The Daily Household Tasks That Pollute Your Home
Ensuring your home is clean might be important for you to keep your family healthy, but the cleaning products you use could be polluting the air they breathe. Poor indoor air quality affects the health of around 20% of South Africans. Meanwhile, close to 4 million children and adults die worldwide each year from illnesses attributed to household air pollution. You may not realize but your routine household tasks could be polluting the air in your home. Everyday household tasks such as cooking and cleaning produce high levels of volatile and particulate chemicals within your home, leading to indoor air quality levels that could be equal to a polluted city.
900 Chemicals In Household Air
Volatile Organic Compounds (VOCs) are substances that contain carbon as well as other elements that easily evaporate and spread through the air. VOCs can be found in everyday items such as shampoo, nail polish, cosmetics and perfumes. It’s estimated that there could be up to as many as 900 VOC chemicals in the indoor air we breathe. Many cleaning products, disinfectants and air fresheners also contain VOCs which can be harmful if inhaled or touched. Also, many building materials such as many paints, varnishes, carpets, solvents and adhesives contain toxins. Studies have concluded that VOC levels can be up to 5 times higher indoors than outdoors. Levels can become 1,000 times higher as a result of certain household activities such as stripping paint. Even simple activities such as cooking, smoking and using a wood stove can generate VOCs.
Health Impact Of VOCs
VOCs can irate the nose, eyes and throat and cause nausea, dizziness, headaches and skin allergies. People with asthma may find their symptoms worsen. Long-term exposure can cause damage liver, kidneys and the central nervous system and even cause cancer. Children, the elderly and people with existing health conditions are particularly susceptible to the effects of VOCs. VOCs are so common that it is virtually impossible to eliminate them all from your home. But there are things you can do to help reduce the danger of VOC exposure.

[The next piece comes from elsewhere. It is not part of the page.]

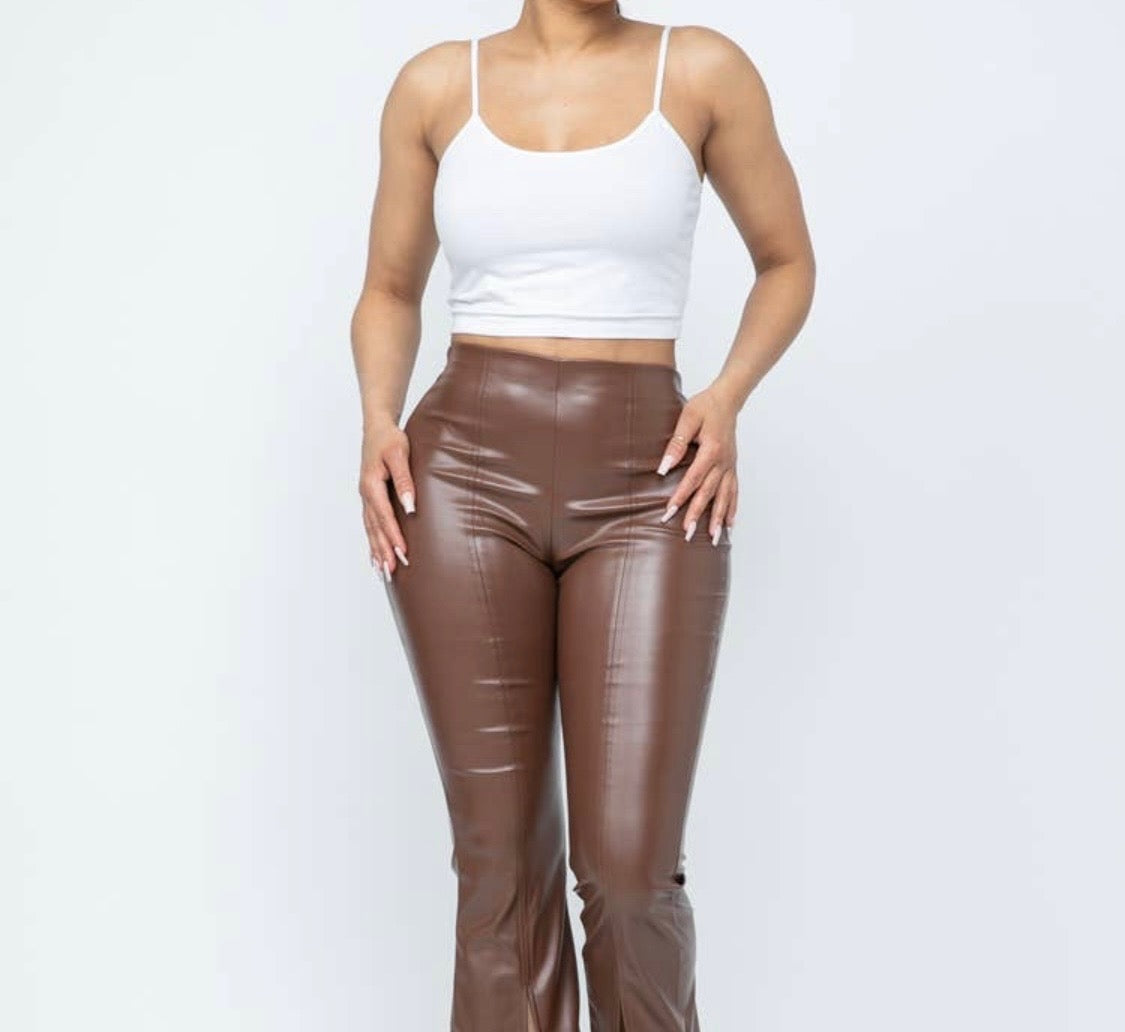 Pu Leather High Waisted Front Slit Hem Back Zipper Pants: Brown Bodi Language for Women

Reducing Toxins In The Air
Being more aware of the products that you bring into your home to use will help to reduce the amount of VOCs in your home and indoor air. Check products for manufacturers VOC emissions and limit the use of aerosols and products that contain harsh chemicals. Try to switch to organic, natural products that contain low or no levels of VOC. Make sure you never mix household cleaning products and also follow the manufacturer’s directions. Ventilation can also help to significantly reduce your family’s exposure to VOC. Increase ventilation by opening windows and doors and use fans. This is particularly important when cooking or using cleaning products and detergents. Ideally, aim to complete any household renovations while the property is empty or when the home can be well-ventilated.
While we have become increasingly aware of the health implications of outside air pollution, we need to pay close attention to the quality of the air inside our homes. We may not be able to see the toxins in the air, but our everyday household tasks pollute the air with chemicals and VOCs that our family will have to breathe. Simply switching to organic, toxic-free products and ensure the home is well ventilated can reduce the danger and help your family enjoy a clean, fresh and healthy home.